Sales shot up 73 percent to 1.7 billion rupees with earnings per share at 7.71 rupees in the quarter compared with a loss of 1.54 in the same period a year ago.
G Sathasivam, chairman of Watawala, a unit of India's Tata Tea, said its diversification strategy of multiple crops, value addition and brand building was paying dividends.
“(The) company has bounced back from the global recession and plantation sector wage price hike due to its well thought out diversification strategy, encompassing multiple crops, value addition and brand building,” he said in a note accompanying the results.
Watawala Plantations’ net profit in the nine months to December 2009 shot up 253 percent to 229 million rupees from a year ago with sales up 34 percent to 4.2 billion rupees.
The profits during the nine months came from the firm’s palm oil, exports and retail marketing businesses while its main tea and rubber businesses made losses, according to a segmental analysis accompanying the accounts.
But all business segments showed “strong top line growth”, Sathasivam said.

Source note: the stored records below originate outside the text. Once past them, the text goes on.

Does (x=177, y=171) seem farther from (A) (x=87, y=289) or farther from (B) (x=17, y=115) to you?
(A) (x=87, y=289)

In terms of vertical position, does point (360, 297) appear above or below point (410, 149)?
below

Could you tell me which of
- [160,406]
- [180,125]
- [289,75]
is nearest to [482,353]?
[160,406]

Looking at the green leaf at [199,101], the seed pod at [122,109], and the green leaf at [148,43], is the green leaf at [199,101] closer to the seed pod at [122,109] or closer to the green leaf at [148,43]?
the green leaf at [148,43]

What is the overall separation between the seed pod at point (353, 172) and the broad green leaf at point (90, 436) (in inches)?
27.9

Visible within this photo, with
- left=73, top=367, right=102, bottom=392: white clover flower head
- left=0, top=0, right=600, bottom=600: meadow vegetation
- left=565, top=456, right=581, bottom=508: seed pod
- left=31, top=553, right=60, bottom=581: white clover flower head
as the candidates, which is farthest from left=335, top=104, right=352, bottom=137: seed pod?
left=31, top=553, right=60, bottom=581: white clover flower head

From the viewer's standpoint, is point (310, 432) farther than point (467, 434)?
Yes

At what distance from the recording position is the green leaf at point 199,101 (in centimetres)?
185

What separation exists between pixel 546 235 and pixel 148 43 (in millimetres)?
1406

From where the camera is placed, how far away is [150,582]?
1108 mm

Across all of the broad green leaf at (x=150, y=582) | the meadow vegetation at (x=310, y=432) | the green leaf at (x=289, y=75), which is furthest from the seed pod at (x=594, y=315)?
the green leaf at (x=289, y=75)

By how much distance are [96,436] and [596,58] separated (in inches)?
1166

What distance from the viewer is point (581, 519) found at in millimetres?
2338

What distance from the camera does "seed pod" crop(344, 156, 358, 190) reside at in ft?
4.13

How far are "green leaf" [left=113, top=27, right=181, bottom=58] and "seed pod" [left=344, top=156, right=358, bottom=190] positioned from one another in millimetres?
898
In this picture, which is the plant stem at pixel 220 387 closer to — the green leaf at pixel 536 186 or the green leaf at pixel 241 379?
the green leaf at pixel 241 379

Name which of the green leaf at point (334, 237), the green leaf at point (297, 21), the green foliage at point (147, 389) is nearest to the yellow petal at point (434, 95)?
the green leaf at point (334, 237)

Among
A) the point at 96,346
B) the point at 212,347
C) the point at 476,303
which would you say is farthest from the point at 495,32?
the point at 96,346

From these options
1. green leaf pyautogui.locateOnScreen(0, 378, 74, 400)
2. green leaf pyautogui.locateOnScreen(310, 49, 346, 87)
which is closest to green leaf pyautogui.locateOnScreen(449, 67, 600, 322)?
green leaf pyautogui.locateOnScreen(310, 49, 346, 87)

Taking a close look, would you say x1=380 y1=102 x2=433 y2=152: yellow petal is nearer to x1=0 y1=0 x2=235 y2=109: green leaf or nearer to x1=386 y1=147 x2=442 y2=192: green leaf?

“While the outlook for commodity prices remains broadly positive, your company is exploring various options to increase shareholder value further in the longer term.”
Sathasivam said Watawala Plantations’ tea business performance “improved remarkably, despite the 40 percent wage hike over the previous period.”
Most Sri Lankan plantations companies reported losses after a wage hike wrested by estate labour unions in September 2009.
“The company’s concentration on sound agricultural practices continued to pay dividends as tea prices also remained high at the Colombo tea auctions,” Sathasivam said.
Rubber prices have also stabilized at more remunerative levels, he added.
However, he said, higher rainfall restricted the number of tapping days as a result of which the company was unable to fully capitalize on the higher prices.
The wage hike that came in to effect from April 1, 2009 also reduced the firm’s rubber business profitability.
Sathasivam said its palm oil business recorded “remarkable growth” in profits over the same period last year, as both yields as well as prices improved.
“Significant focus on new customers has also resulted in better price realization. Your company has meanwhile moved one step closer to the end customer by beginning to refine Crude Palm Oil to market our own bottled produce ‘Oliate’.”
Watawala Plantations’ export business profits in the nine months fell from a year ago as there were no palm oil exports during the period.
But it continued exports of bulk tea to Tetley of the UK and the export of value added tea to Australia.
Sathasivam said Watawala’s association with Tata Tea once again paid dividends as the parent firm introduced new buyers world wide.
Profits from Watawala’s retail market business increased marginally during the nine month period compared to the previous period with its Watawala Kahata, Zesta and Ran Tea brands improving their market share in the branded tea sector.
“However, the increase in tea prices had an impact on the profitability of this division,” Sathasivam said.